White (Siberian Light, 1997) reincarnates hero Gregori Nowek for another investigation, this time of murder and four million carats of missing Siberian diamonds.
Since the fall of the Soviet Union, Russia has been turned on its head. So much that all the stereotypical bad guys—the FSB (KGB) and the Chechens—are now the good guys. Sort of. When Nowek’s best friend, Volsky, the delegate from Siberia, is murdered, Nowek finds himself promoted to his buddy’s job and embroiled in mystery. A huge cache of diamonds is missing from a mine whose workers Volsky was representing when he was killed Moscow mafiya-style. As it happens, Russia is about to crumble: it’s not just bodies that are dropping right and left, but rubles. It will be déja vu all over again unless someone can put something in the vaults that will convince the IMF that the nation is still slightly solvent.

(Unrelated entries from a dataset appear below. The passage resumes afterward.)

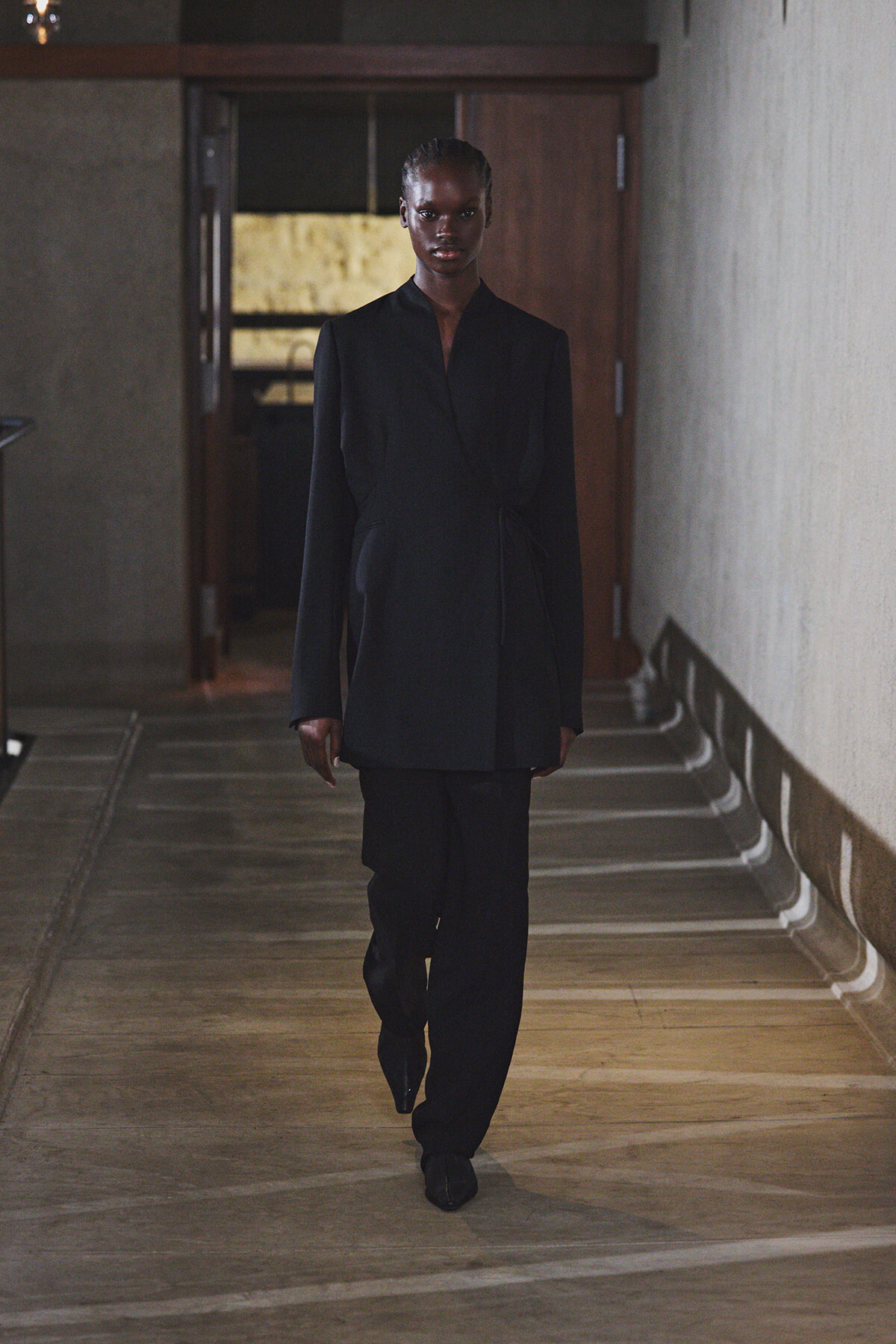 A person in a black tailored wrap blazer and matching pants walks down a dimly lit hallway.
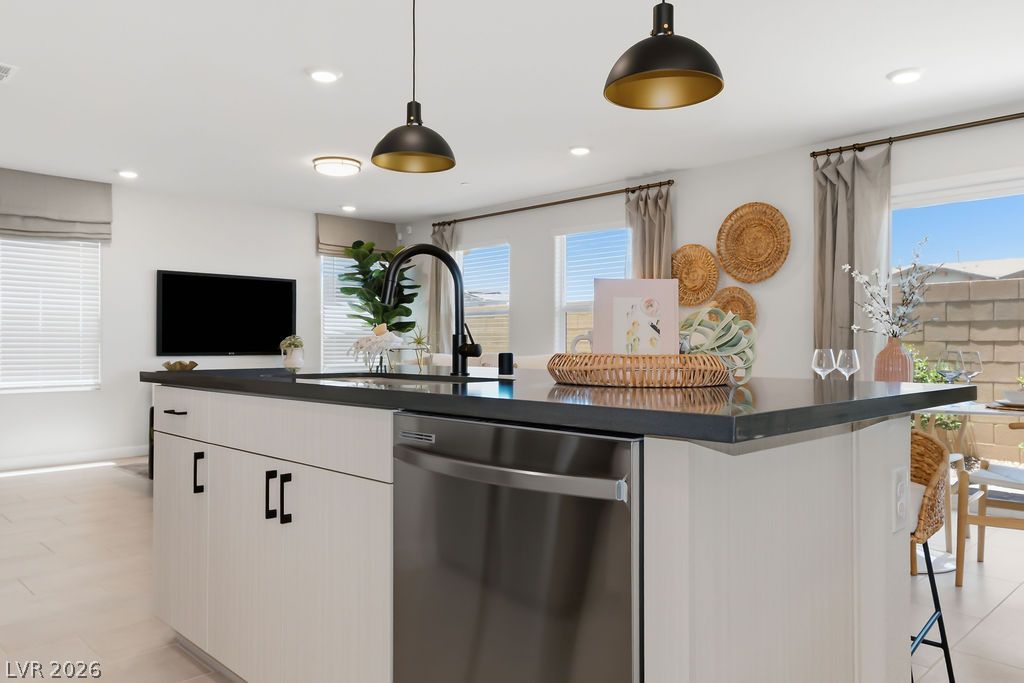 913 Cadence View Way Henderson, NV 89011 - Photo 20 of 46 An inviting kitchen island provides an ideal space for culinary creations and casual dining.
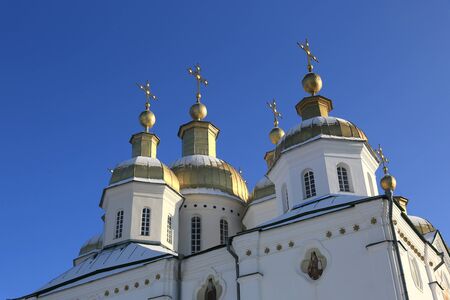 Cupola of Trinity Church Exaltation of the Cross Monastery on blue sky background. Ukraine, Poltavaの写真素材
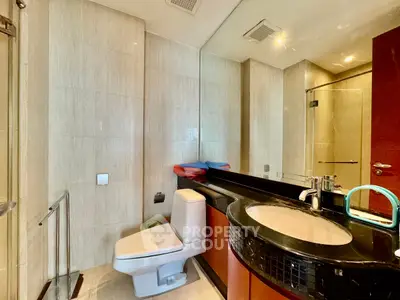 Modern bathroom with sleek fixtures and elegant design, featuring a spacious shower and stylish vanity.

Nowek finds more than he bargained for as he attempts to avenge his friend and save Russia, and soon he’s rubbing shoulders with the London-based diamond cartel that control the world’s oldest and hardest form of currency. He finds himself paired with perhaps the only honest FSB agent ever, and his driver/partner hires some badass Chechen mercenaries when things start to get hairy. White’s tone sometimes makes it difficult to tell who’s who in the fast pace of things, but on one level it doesn’t matter: the real character is the well-rendered insanity of Russia itself, a Siberia where one’s breath can freeze and fall to the ground with a tinkling noise. Things are bad enough for Nowek to long for the Soviet days “when the world was terrible, but at least it made sense.”
Smart fun for those curious about the madness of what is still the world’s largest country.